From the data below, return the exact lines starting at the line containing "Imagen general del" and ending at the line containing "フランスの片田舎にあるような、アットホームなお店", both included, and nothing else.

Data items:
=-=-=

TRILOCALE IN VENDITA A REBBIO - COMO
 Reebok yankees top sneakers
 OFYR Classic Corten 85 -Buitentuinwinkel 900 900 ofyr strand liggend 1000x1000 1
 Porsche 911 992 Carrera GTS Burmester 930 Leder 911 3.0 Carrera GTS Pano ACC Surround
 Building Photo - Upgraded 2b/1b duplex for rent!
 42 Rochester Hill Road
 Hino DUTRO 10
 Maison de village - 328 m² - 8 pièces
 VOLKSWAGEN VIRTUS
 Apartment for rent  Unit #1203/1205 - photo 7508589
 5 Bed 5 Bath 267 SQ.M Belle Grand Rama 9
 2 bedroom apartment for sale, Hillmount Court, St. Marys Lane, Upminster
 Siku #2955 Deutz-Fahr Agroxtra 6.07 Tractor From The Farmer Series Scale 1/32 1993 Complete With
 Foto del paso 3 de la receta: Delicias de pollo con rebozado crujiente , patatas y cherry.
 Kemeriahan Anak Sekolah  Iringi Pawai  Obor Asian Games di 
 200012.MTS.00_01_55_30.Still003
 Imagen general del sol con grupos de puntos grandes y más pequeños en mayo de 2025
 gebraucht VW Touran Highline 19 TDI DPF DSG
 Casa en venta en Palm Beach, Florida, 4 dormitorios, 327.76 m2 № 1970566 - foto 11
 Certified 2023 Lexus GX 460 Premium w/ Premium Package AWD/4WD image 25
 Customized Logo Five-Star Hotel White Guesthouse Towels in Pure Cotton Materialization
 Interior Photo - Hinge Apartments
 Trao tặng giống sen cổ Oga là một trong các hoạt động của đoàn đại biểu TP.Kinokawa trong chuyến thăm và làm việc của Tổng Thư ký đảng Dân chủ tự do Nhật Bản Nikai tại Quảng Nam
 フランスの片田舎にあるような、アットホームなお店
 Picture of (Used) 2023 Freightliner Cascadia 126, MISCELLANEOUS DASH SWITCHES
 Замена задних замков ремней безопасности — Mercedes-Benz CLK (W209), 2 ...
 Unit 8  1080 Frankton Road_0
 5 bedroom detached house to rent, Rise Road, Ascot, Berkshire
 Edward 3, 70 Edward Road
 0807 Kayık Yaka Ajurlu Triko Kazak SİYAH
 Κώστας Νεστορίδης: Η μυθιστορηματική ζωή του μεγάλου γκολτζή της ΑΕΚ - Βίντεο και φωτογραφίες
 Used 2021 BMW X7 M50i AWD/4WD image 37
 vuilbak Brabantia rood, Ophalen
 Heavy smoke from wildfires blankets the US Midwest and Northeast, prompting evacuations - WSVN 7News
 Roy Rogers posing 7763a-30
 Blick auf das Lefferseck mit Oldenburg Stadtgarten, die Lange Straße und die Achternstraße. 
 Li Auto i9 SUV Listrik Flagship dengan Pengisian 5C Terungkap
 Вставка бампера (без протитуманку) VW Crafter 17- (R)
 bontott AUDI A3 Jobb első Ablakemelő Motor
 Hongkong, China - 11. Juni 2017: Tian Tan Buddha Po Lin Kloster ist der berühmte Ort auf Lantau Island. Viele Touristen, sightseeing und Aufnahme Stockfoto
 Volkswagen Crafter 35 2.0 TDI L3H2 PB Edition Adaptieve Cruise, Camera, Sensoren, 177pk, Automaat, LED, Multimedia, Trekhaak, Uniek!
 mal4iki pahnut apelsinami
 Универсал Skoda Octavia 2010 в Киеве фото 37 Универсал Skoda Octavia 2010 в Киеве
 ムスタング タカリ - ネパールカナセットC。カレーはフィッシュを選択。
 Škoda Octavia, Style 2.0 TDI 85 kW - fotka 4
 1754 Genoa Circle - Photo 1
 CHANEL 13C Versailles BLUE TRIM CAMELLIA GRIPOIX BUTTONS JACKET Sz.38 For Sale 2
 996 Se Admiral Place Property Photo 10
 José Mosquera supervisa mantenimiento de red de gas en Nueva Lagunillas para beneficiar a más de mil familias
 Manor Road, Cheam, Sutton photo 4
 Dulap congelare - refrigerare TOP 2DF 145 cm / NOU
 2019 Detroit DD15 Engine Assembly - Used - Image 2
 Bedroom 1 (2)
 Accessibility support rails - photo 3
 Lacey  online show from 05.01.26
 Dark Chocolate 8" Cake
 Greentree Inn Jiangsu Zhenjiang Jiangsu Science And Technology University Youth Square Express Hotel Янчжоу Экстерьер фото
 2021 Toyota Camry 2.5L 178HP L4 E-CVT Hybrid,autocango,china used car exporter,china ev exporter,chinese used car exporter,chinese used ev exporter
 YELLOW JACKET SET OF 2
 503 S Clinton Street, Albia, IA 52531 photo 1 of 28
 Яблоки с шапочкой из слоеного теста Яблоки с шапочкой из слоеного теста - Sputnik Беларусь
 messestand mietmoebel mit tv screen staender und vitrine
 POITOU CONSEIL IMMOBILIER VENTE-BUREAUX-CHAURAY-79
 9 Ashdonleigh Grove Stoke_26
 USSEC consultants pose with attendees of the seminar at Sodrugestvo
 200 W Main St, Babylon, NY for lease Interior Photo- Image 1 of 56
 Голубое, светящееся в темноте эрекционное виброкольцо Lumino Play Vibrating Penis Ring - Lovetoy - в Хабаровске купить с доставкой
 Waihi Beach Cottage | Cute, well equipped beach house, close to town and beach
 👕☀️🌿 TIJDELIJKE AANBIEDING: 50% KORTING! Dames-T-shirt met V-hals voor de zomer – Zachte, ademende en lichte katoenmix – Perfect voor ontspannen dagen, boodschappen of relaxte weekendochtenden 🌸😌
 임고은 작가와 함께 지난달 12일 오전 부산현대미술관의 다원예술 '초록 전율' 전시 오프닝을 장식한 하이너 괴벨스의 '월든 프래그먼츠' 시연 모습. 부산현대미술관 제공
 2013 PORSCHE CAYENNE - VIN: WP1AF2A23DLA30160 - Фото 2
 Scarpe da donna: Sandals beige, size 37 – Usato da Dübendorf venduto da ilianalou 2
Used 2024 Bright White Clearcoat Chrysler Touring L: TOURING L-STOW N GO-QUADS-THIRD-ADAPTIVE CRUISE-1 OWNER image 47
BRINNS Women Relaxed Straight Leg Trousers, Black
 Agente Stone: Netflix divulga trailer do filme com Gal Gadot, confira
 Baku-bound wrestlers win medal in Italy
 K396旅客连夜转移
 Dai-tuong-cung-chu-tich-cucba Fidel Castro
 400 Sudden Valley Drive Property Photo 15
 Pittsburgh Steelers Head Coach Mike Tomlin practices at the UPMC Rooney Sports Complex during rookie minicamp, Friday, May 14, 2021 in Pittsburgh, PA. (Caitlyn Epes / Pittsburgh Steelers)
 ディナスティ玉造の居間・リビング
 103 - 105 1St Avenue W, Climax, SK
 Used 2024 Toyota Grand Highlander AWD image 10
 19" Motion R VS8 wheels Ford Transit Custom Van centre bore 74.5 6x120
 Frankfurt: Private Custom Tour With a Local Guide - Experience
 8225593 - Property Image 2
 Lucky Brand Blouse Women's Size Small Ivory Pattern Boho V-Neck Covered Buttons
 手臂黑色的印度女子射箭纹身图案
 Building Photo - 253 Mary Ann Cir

=-=-=

> [Worked solution]
 Imagen general del sol con grupos de puntos grandes y más pequeños en mayo de 2025
 gebraucht VW Touran Highline 19 TDI DPF DSG
 Casa en venta en Palm Beach, Florida, 4 dormitorios, 327.76 m2 № 1970566 - foto 11
 Certified 2023 Lexus GX 460 Premium w/ Premium Package AWD/4WD image 25
 Customized Logo Five-Star Hotel White Guesthouse Towels in Pure Cotton Materialization
 Interior Photo - Hinge Apartments
 Trao tặng giống sen cổ Oga là một trong các hoạt động của đoàn đại biểu TP.Kinokawa trong chuyến thăm và làm việc của Tổng Thư ký đảng Dân chủ tự do Nhật Bản Nikai tại Quảng Nam
 フランスの片田舎にあるような、アットホームなお店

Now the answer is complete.